# ABOUT THIS TASK
Reproduce each line of the entries that carries "Women".

··· RECORDS SHOWN ···

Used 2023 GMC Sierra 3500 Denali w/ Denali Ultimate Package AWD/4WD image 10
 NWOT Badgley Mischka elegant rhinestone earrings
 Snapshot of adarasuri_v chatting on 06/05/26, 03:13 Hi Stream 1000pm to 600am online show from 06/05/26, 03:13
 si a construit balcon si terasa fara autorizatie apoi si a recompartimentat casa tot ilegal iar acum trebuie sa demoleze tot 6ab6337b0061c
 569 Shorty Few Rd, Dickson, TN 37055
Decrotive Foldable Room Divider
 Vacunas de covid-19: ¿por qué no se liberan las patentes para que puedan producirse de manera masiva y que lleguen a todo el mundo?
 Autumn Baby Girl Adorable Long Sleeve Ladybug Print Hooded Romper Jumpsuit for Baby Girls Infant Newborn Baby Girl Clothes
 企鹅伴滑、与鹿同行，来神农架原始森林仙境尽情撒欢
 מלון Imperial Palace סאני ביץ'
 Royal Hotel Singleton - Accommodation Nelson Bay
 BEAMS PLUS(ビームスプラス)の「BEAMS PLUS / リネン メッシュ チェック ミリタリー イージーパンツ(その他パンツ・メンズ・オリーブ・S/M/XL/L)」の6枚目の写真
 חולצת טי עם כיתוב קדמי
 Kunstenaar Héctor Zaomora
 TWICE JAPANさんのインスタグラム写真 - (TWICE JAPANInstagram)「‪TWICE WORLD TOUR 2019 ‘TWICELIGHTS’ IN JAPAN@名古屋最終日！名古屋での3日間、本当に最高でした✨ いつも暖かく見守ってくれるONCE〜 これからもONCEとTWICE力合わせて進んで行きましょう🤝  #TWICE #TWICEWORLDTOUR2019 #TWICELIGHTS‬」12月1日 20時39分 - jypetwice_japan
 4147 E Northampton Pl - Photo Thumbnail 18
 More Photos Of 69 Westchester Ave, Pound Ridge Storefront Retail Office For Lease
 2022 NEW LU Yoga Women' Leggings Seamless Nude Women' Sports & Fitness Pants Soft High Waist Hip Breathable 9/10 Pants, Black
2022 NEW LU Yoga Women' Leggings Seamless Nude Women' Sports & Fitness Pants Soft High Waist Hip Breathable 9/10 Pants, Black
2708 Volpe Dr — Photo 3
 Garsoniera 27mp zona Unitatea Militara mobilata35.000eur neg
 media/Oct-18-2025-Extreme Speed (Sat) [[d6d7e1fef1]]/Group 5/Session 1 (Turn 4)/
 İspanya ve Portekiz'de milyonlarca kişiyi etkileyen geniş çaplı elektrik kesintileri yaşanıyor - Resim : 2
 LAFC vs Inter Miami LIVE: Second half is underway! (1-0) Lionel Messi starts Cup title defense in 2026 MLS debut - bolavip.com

···

# SOLUTION TO THE PROBLEM
 2022 NEW LU Yoga Women' Leggings Seamless Nude Women' Sports & Fitness Pants Soft High Waist Hip Breathable 9/10 Pants, Black
2022 NEW LU Yoga Women' Leggings Seamless Nude Women' Sports & Fitness Pants Soft High Waist Hip Breathable 9/10 Pants, Black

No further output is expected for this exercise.